Il en a assez qu'on lui dise quoi faire, quoi penser et quoi dessiner…
Heureusement, « Parfois les rêves se réalisent. le 9 novembre 1989, le Mur est tombé. »
« Aussi loin que remontaient ses souvenirs, il avait toujours aimé dessiner. »
Peter Sis, auteur-illustrateur, écrit et illustre son enfance et son adolescence à Prague, de sa naissance à Brno, en Tchécoslovaquie, en 1949, jusqu'à son exil aux Etats-Unis en 1984.
A travers ses dessins d'enfant et d'adulte, et des extraits de son journal (ses propres carnets intimes), il témoigne de la vie quotidienne dans la Tchécoslovaquie communiste jusqu'à la chute du mur de Berlin.

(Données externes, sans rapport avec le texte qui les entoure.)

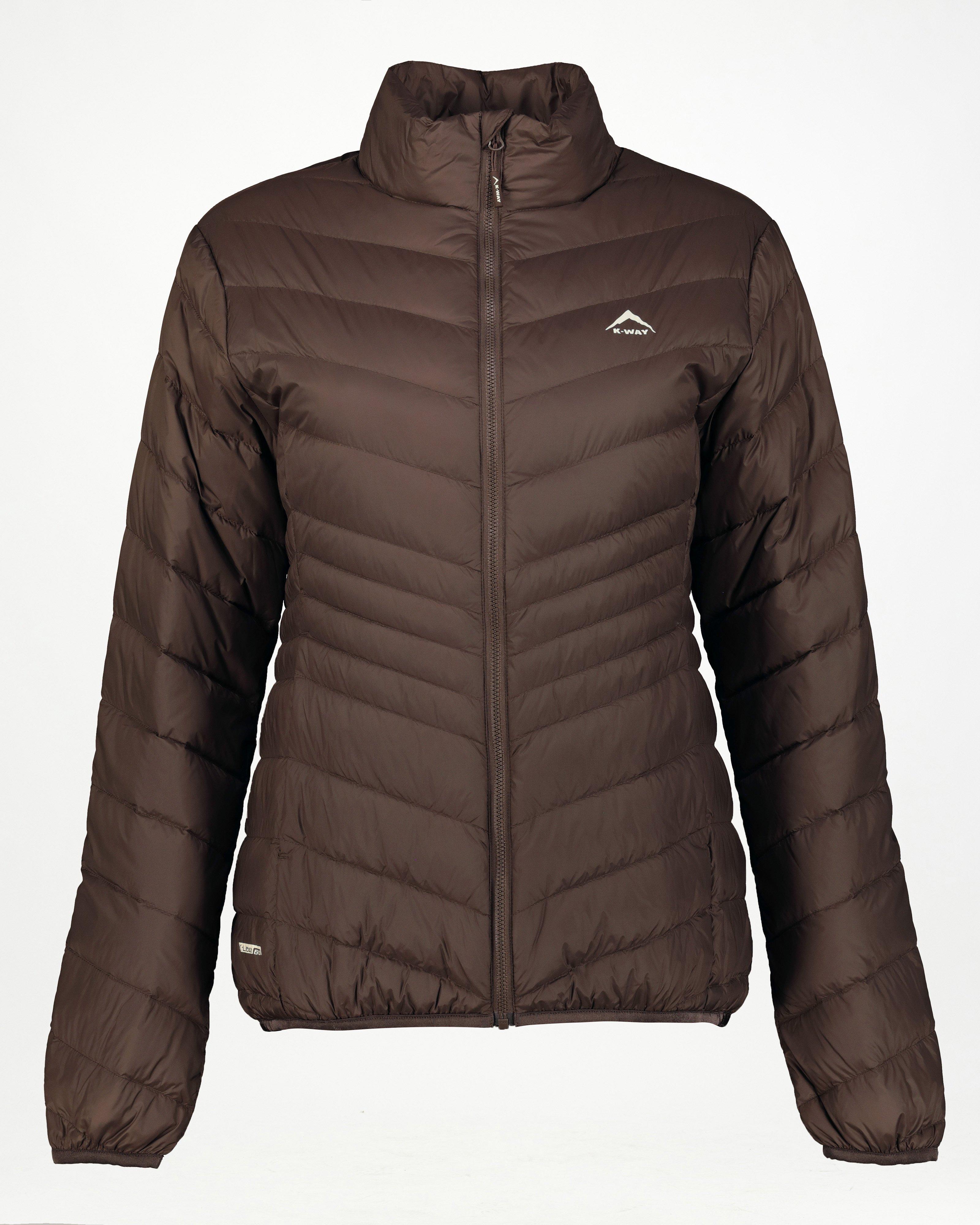 K-Way Women’s K-Lite Down Puffer Jacket -  Brown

Ce livre-album est donc un ouvrage autobiographique où l'auteur nous fait part de son ressenti.
Il a mal vécu le poids du stalinisme, et en lisant ce livre, on comprend pourquoi.
Ses souvenirs d'enfance ne sont pas tous heureux - plutôt amers. « Il peignit des rêves… puis des cauchemars. »
Son récit est écrit à la 3e personne, comme pour mettre à distance les événements, et ériger un autre mur entre son passé et lui.
Peter Sis nous offre de façon chronologique, et à travers une passionnante mise en mots et en images, un formidable panorama de ces longues années passées « du côté rouge » …
Le contexte de la guerre froide et des événements qui l'ont constituée (soulèvement de Hongrie, construction du mur de Berlin, missiles de Cuba, guerre du Vietnam, Printemps de Prague, …) servent de fond à la description de la vie quotidienne des tchèques et à sa propre histoire personnelle.
Ses dessins, tracés principalement à l'encre noire sur fond blanc avec des touches de rouge, sont légendés. Plusieurs doubles pages sont entourés aussi de vignettes, de photos personnelles et de ses dessins d'enfant. On entre ainsi dans son intimité…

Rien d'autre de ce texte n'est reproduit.